Investors hope to cash in with schools in Confucius’ hometown

Angela Meng

Qufu, the hometown of Confucius, is booming as investors pour tens of billions of yuan into setting up schools to teach people about the celebrated philosopher.

The funds come from investors in Qufu and other provinces who are convinced they will rake in profits after President Xi Jinping visited the city last year in an effort to endorse traditional culture, the Shanghai Morning Post reported on Thursday.

While China’s international Confucius Institutes are experiencing controversy overseas, students in the southwestern Shandong province are taking lessons and dressing up as the man who gave birth to personal and governmental morality in China.

Yue Yaofang, the deputy minister of Qufu’s Municipal Propaganda Department, said party cadres were responding to Xi’s visit last November, when the president said he had come to “send a message to the nation: to carry forward our traditional culture and spread Confucian thought”.
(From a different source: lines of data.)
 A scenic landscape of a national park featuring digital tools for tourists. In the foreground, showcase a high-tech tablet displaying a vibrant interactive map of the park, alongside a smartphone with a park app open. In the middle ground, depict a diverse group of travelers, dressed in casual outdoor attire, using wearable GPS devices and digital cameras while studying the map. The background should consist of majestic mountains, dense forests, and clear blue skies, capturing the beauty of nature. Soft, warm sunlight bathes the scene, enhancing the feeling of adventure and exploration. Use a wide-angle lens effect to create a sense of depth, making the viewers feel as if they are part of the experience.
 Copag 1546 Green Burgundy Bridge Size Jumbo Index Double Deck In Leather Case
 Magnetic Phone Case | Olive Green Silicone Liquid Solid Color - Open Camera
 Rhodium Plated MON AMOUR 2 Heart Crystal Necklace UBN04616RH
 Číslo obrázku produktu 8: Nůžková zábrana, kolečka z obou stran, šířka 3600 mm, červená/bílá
A wave of interest in Confucianism has since hit Qufu, both in the private sector and at the local government level.

In September this year, large-scale ceremonies were held in many Chinese cities to celebrate the 2,565th anniversary of the birth of Confucius. The ancient teacher is believed to have been born on September 28.

Since October 26, about 3,000 people have gathered in Qufu daily to pay homage to Confucius.
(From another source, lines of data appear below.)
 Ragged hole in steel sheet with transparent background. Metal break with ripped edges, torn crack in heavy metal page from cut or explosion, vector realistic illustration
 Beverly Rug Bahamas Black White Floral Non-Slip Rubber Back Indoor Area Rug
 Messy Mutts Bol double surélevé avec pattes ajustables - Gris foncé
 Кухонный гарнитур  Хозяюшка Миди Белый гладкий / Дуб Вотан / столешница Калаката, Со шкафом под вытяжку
Qufu’s local government plans to assign one instructor to each of its 405 villages to “promote innovation and development of traditional Chinese values”.

China’s Confucius Institutes, aimed at promoting Chinese culture and language overseas, have experienced recent setbacks. The University of Chicago closed down its Confucius Institute in late September, and Pennsylvania State University cut ties with the organisation in October.